Report, as a single figure, how many lines in the records below include "after".
Supplied material: Begin
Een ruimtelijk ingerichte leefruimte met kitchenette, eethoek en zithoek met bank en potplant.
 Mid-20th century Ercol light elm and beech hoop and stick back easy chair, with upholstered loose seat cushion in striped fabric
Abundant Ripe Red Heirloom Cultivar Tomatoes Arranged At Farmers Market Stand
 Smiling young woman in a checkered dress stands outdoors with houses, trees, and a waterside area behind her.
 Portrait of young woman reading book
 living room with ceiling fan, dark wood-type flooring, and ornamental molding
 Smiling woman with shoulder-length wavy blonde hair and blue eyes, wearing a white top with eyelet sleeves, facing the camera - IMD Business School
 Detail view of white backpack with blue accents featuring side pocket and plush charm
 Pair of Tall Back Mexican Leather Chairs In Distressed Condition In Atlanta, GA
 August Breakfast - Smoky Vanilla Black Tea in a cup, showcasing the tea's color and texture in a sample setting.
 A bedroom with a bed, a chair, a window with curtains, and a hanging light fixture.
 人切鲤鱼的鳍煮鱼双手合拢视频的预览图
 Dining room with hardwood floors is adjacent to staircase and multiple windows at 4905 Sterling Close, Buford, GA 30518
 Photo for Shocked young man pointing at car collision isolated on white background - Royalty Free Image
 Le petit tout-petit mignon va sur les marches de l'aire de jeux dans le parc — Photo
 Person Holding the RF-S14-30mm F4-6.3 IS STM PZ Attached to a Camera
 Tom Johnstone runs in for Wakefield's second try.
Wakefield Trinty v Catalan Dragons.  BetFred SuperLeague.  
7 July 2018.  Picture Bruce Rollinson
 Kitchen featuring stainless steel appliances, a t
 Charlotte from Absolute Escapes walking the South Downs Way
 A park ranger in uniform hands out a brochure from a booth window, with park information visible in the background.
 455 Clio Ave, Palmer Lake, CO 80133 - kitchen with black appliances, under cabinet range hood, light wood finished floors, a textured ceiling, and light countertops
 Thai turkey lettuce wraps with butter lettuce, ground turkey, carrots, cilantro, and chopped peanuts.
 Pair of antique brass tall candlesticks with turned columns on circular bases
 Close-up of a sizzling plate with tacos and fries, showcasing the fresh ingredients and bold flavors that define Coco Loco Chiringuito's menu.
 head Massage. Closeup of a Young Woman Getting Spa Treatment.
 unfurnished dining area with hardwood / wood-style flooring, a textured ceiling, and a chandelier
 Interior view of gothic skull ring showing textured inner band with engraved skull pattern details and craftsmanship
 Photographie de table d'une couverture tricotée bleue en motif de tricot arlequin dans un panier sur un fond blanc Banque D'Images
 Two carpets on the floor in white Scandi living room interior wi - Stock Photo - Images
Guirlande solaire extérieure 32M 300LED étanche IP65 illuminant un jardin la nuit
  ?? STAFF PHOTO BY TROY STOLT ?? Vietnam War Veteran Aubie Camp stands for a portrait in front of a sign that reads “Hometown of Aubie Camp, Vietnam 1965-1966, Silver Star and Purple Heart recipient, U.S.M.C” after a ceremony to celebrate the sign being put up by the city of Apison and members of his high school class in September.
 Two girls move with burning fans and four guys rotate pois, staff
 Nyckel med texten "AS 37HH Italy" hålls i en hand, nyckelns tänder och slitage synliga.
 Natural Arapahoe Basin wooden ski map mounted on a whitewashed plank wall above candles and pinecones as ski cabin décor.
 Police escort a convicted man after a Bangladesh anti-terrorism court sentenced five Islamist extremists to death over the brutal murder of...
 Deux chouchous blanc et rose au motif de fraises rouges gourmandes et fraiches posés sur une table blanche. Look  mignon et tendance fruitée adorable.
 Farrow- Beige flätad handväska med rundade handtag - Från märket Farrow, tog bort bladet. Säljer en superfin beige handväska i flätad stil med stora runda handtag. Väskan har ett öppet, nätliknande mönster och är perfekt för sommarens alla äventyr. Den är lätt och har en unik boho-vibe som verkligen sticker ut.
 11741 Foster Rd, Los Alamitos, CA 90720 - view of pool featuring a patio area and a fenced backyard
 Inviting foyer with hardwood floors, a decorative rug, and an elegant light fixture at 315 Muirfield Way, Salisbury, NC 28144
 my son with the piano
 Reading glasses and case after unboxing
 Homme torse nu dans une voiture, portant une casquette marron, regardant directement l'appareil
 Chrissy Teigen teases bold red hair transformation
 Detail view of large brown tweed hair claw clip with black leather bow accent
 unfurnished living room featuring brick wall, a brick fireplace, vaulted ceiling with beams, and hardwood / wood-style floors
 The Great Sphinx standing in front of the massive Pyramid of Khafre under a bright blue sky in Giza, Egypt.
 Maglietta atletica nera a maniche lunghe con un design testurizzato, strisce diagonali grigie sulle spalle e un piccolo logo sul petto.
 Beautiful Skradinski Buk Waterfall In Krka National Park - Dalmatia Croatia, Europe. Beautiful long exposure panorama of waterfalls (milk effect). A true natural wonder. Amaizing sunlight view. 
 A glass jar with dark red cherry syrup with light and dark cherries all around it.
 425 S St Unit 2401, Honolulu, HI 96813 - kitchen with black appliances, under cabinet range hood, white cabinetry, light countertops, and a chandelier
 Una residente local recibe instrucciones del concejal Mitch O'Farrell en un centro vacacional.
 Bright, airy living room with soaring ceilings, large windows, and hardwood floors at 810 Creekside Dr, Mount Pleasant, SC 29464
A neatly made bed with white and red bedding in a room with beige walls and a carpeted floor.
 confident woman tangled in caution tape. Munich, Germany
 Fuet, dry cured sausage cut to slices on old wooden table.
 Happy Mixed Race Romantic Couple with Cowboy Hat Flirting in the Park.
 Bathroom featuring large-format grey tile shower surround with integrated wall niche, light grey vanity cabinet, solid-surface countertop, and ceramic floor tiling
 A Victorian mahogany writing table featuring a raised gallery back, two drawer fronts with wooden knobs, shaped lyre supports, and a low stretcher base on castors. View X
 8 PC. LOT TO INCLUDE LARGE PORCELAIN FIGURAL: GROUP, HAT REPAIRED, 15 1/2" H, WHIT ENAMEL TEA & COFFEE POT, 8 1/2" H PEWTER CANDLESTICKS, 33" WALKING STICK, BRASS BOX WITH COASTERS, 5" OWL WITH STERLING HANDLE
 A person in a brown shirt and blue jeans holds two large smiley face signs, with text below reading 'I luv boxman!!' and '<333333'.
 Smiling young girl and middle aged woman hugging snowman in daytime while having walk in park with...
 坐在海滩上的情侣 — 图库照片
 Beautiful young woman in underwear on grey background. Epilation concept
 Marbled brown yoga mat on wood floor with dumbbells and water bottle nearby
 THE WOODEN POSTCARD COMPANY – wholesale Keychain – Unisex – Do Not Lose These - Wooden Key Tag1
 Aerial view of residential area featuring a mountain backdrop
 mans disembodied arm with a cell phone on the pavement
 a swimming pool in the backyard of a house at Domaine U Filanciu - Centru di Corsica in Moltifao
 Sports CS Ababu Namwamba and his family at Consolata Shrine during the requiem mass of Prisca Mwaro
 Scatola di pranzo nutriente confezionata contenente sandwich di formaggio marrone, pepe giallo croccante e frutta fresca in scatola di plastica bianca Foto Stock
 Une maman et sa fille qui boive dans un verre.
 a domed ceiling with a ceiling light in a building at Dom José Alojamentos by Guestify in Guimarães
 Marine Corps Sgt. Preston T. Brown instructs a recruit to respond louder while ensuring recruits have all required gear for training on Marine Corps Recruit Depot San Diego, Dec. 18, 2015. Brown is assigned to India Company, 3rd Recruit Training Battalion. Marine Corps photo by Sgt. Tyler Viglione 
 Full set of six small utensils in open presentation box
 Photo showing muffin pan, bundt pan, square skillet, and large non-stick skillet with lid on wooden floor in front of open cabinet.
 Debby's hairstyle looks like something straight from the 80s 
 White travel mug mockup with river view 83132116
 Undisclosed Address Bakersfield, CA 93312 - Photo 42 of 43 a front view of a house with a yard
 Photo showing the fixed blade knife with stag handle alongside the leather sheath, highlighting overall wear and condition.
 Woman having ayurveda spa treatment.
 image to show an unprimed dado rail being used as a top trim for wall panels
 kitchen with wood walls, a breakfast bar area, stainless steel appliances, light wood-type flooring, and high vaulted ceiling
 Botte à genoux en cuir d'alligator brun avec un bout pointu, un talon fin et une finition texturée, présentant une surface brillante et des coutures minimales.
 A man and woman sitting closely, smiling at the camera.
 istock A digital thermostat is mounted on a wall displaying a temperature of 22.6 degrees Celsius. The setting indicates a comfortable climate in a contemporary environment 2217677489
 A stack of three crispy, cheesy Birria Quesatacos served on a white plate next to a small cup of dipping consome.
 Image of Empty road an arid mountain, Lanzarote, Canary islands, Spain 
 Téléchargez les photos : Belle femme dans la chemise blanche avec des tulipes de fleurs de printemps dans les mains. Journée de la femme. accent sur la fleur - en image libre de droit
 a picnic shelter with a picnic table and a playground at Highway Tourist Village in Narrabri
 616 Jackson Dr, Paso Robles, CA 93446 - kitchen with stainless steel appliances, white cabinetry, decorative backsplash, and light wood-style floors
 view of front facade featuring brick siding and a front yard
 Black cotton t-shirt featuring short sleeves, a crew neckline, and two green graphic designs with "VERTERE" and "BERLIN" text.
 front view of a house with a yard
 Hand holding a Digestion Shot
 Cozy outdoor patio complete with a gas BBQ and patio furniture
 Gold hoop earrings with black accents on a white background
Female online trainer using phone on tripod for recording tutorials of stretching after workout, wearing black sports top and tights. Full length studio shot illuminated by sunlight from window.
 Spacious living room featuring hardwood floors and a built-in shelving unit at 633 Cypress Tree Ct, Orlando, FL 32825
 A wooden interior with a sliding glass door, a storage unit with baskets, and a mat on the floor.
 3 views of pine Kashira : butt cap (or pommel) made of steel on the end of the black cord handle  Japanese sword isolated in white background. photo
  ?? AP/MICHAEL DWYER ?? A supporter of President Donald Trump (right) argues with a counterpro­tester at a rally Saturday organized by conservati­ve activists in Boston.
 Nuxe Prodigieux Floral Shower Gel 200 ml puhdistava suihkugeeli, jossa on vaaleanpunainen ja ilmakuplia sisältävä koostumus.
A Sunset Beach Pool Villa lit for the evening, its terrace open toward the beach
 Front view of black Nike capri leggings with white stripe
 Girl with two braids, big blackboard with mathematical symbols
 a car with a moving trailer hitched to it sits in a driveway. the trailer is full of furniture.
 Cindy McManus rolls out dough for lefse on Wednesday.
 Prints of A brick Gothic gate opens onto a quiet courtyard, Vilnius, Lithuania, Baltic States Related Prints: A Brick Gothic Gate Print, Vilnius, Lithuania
Supplied material: End
Result of the task
4